4/ Des fragments de langue venue de l’enfance reviennent parfois entre nos lèvres, comme si l’on se mettait à parler dans une langue étrangère qui transiterait quelques instants par le biais de notre corps. De par leur sonorité lointaine les mots ont alors une manière bien à eux de résonner comme s’ils émergeaient d’une grotte sombre et se heurtaient aux parois de pierre. Peut-être même espèrent-ils un écho ou une réponse.

5/ Il y a des jours où les échos de la vie d’avant surgissent avec la sonorité d’un appel lancé au-dessus d’un puits. Un vase que l’on renverse et qui déverse sur le parquet son contenu de cailloux blancs, de petits morceaux, d’écorces rouges, de pommes de pin, d’une fleur blanche en papier : le dernier cadeau offert à quelqu’un qui n’est plus et que l’on conserve depuis bientôt dix-huit ans.

6/ Le début d’un chemin a toujours de la joie en lui. Il est empli d’un bruissement de désir, strié d’une sorte de naïveté que l’on souhaiterait bien conserver tout au long. Laisser ce courant porteur d’envie nous envahir là sur le seuil d’un devenir, irrigué d’imperceptibles pensées qui vont nous soutenir, nous guider dans la marche, nous éviter les écueils probables et nécessaires. Avancer pas à pas sans se soucier.

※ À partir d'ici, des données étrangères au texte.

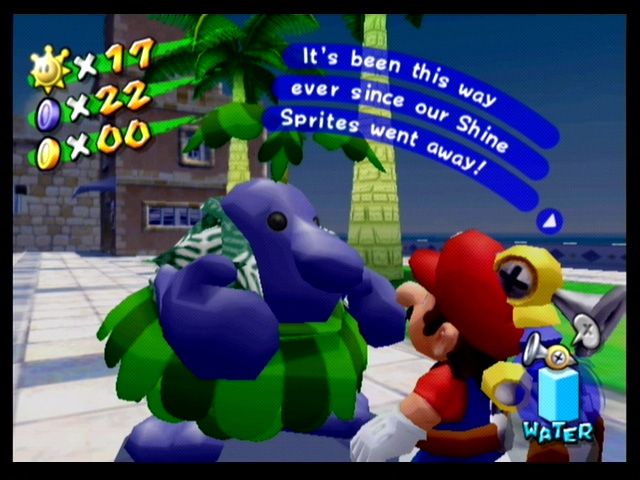 Super Mario Sunshine (GameCube) screenshot: The locals may provide you with useful information, or just chat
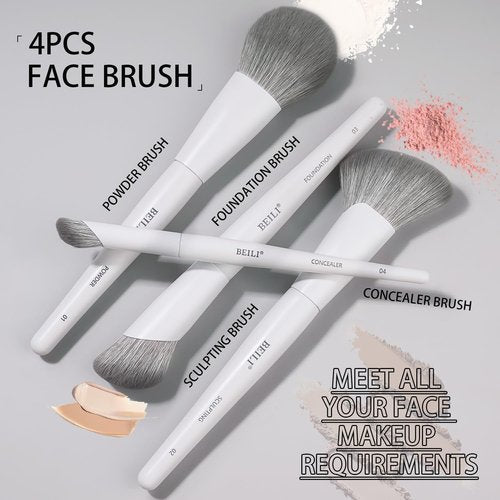 BEILI 12-Piece White Makeup Brush Set, Premium Synthetic Brushes for Foundation, Blending, Eyeshadow, Contour, Blush, and Eyeliner, Luxury Gift-Ready
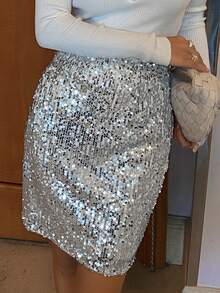 Livesso Sequin Mini Skirt, Elegant For New Year, Christmas, Party, Wedding, Banquet, Autumn/Winter Carnival - Silver - View 5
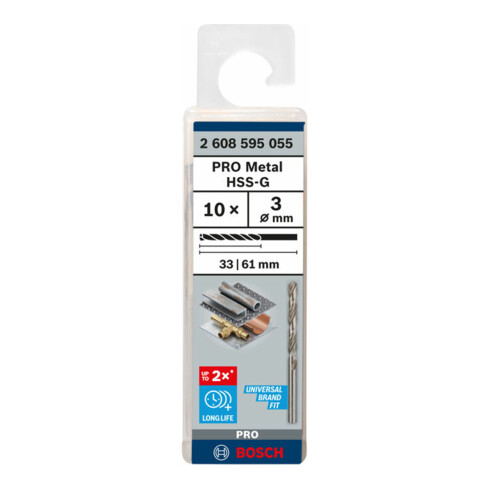 Bosch metaalboor HSS-G DIN 338 3 x 33 x 61 mm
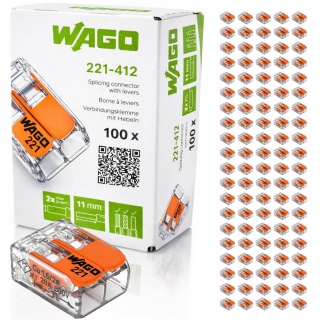 Szybkozłączka do linki i drutu 2x0,2-4mm² WAGO 221-412 OPAKOWANIE 100szt.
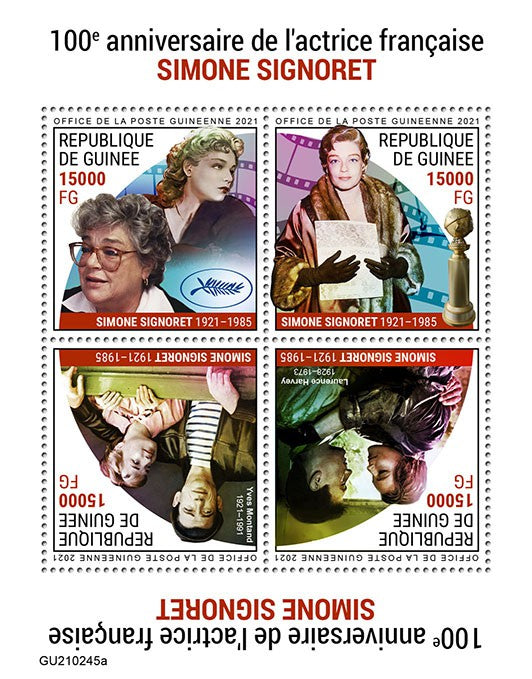 Guinea 2021 MNH People Stamps Simone Signoret French Actress Film Movies 4v M/S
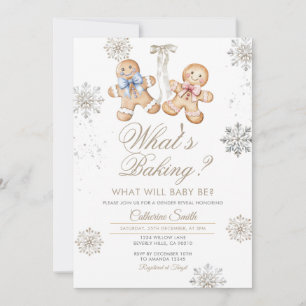 Invitation Révélation du sexe Élégant Winter What’s Baking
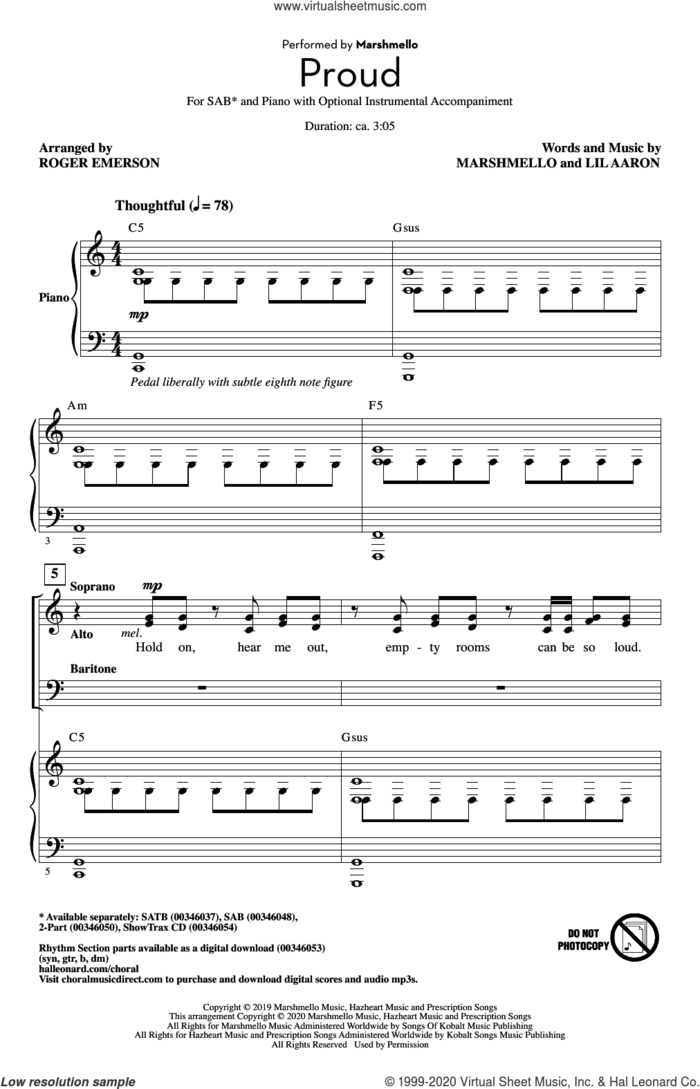 Proud (arr. Roger Emerson) sheet music for choir (SAB: soprano, alto, bass) by Marshmello, Roger Emerson and Lil Aaron, intermediate skill level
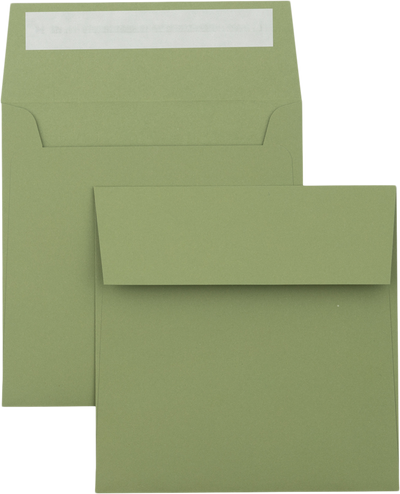 Olive Green 28lb 5 1/2 x 5 1/2 Square Envelopes with Peel & Seal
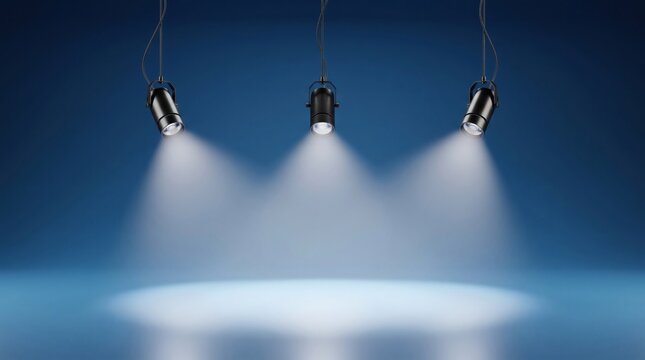 Three Black Hanging Spotlights Illuminating Empty Blue Stage with Copy Space, Studio Lighting Background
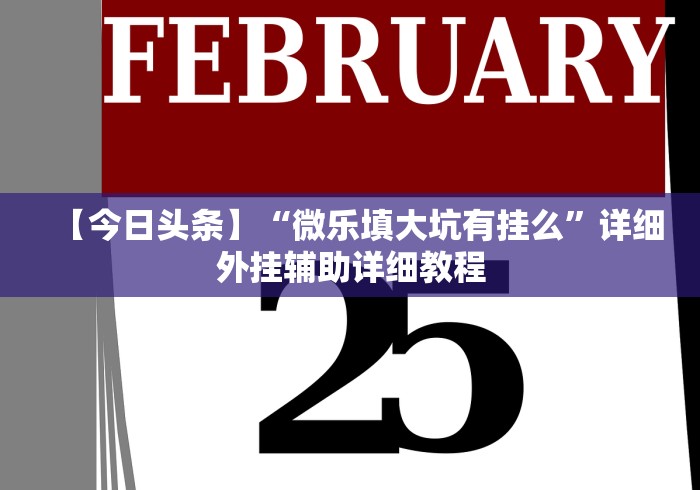 【今日头条】“微乐填大坑有挂么”详细外挂辅助详细教程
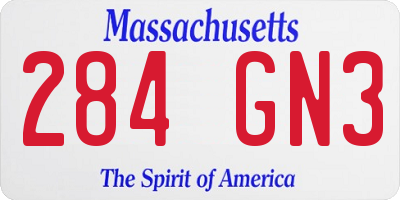 MA license plate 284GN3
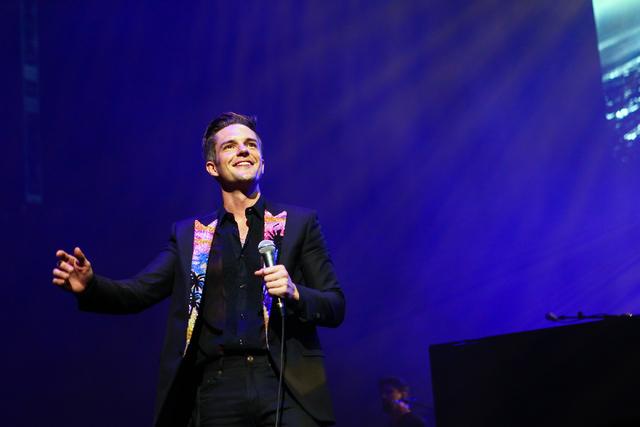 Brandon Flowers of The Killers performs during the grand opening of the T-Mobile Arena in Las Vegas on Wednesday, April 6, 2016. Chase Stevens/Las Vegas Review-Journal Follow @csstevensphoto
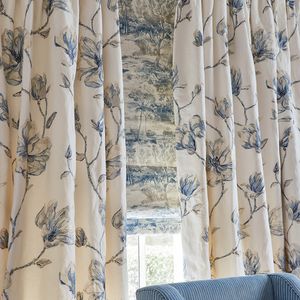 tissu pour rideaux / à fleurs / en coton / en lin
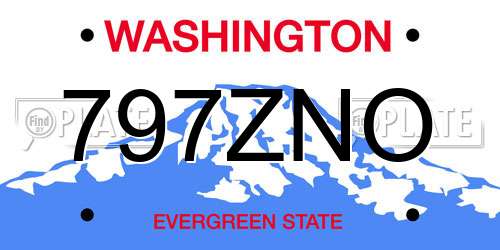 797ZNO Washington License Plate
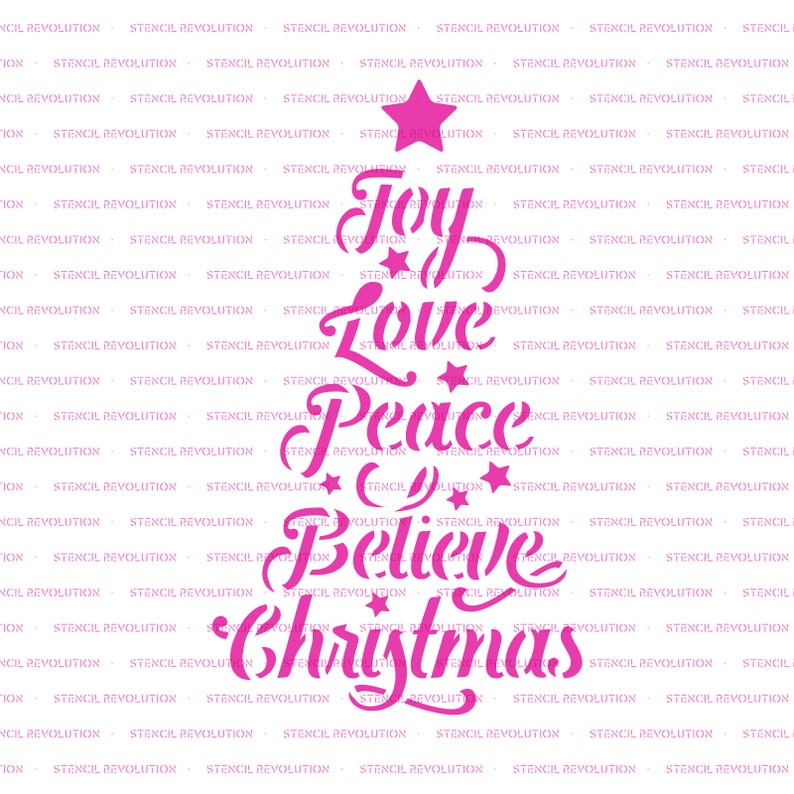 Christmas Tree Words Stencil Reusable DIY Craft Stencils of - Etsy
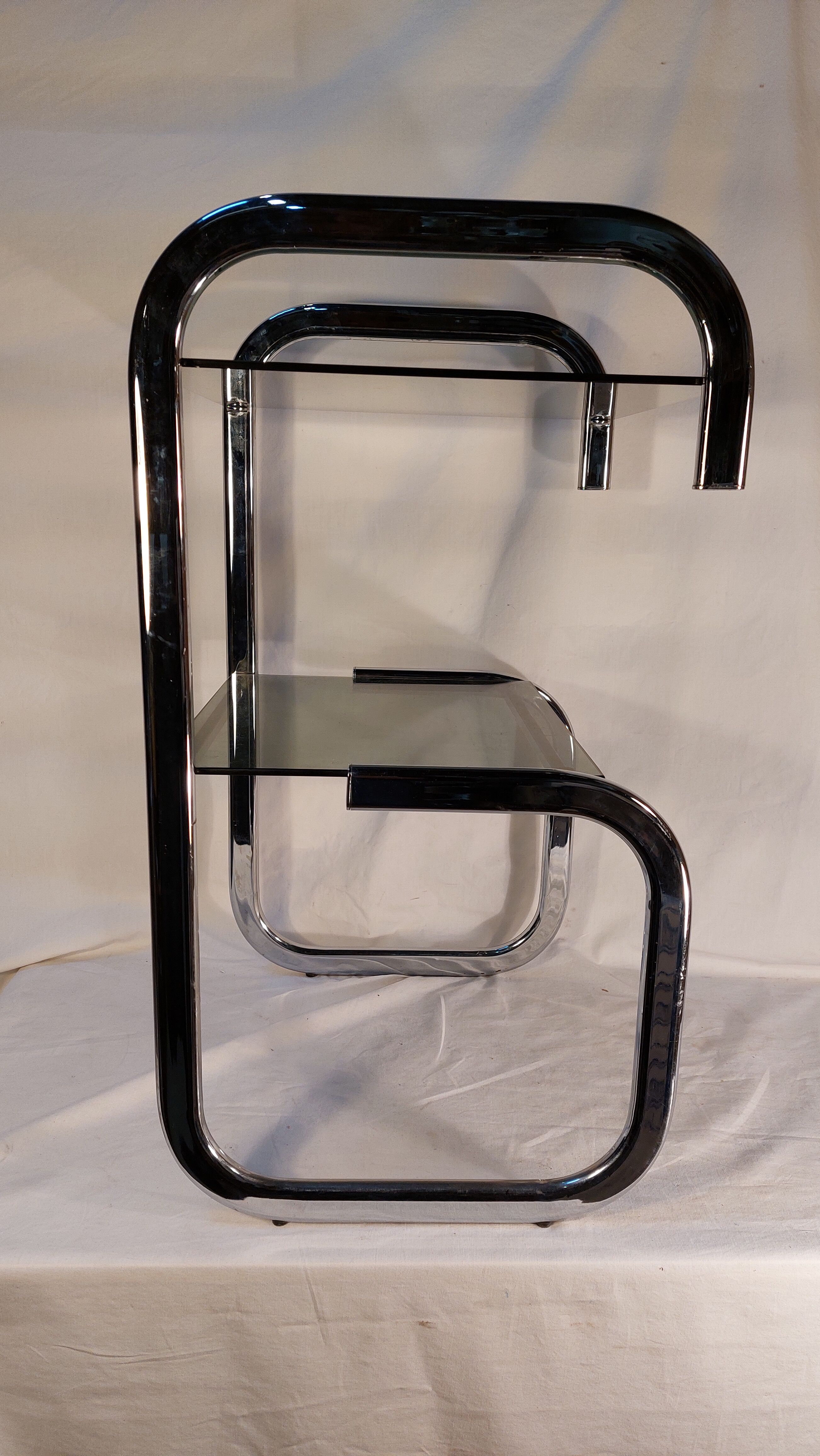 Vintage side table in chrome and smoked glass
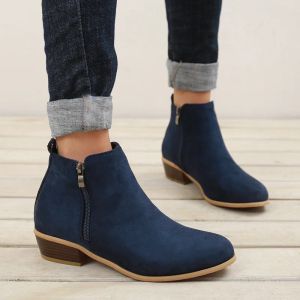 Boots 2020 Spring Women Ankle Boots Square Mid Heel Zip Shoes Woman Pointed Toe Shoes Female Classic Blue Autumn Boots Plus Size 42 43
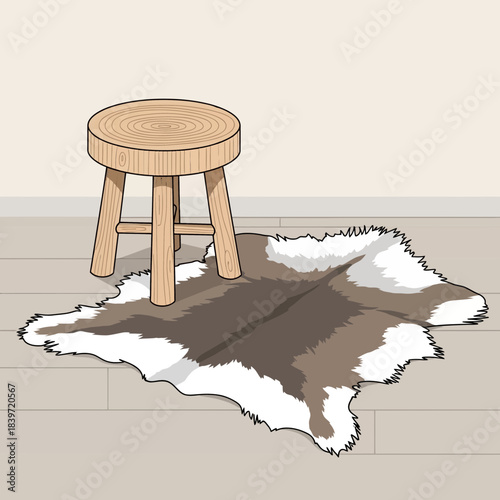 Minimalist wooden stool on cowhide rug in a simple room setting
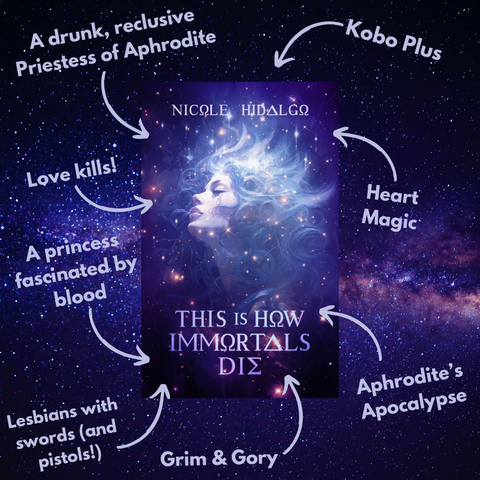 A graphic with the cover for This Is How Immortals Die by Nicole Hidalgo at the centre and some key aspects related to the book:
- A drunk, reclusive Priestess of Aphrodite
- Love kills!
- A princess fascinated by blood
- Lesbians with swords (and pistols!)
- Grim & Gory
- Heart Magic
- Aphrodite's Apocalypse
- Kobo Plus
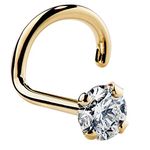 2mm Cubic Zirconia 14K Yellow Gold Nose Ring Twist Screw - 20G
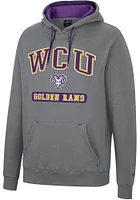 Colosseum West Chester Golden Rams Mens Charcoal Scholarship Fleece Long Sleeve Hoodie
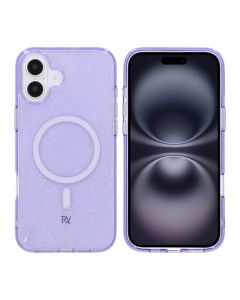 iPhone 16 Plus Rvelon Mobilskal TPU med MagSafe - Glitter Lila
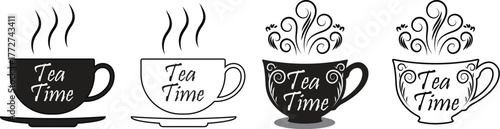 Flat tea cup vector icon set with steam and "Tea Time" text in solid and outline styles for cafe and beverage design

7/ Image en tête qui s’incruste sans savoir pourquoi d’une pierre plate lancée comme pour faire des ricochets en direction de son passé. Sur quel évènement, quel moment clé de l’avant de soi heurterait-elle et réveillerait ainsi dans les fibres du corps les sensations ressenties alors ? Et de rebond en rebond ferait-elle renaître tous les soi qui nous ont constitués et ont fait ce que nous sommes en ce jour.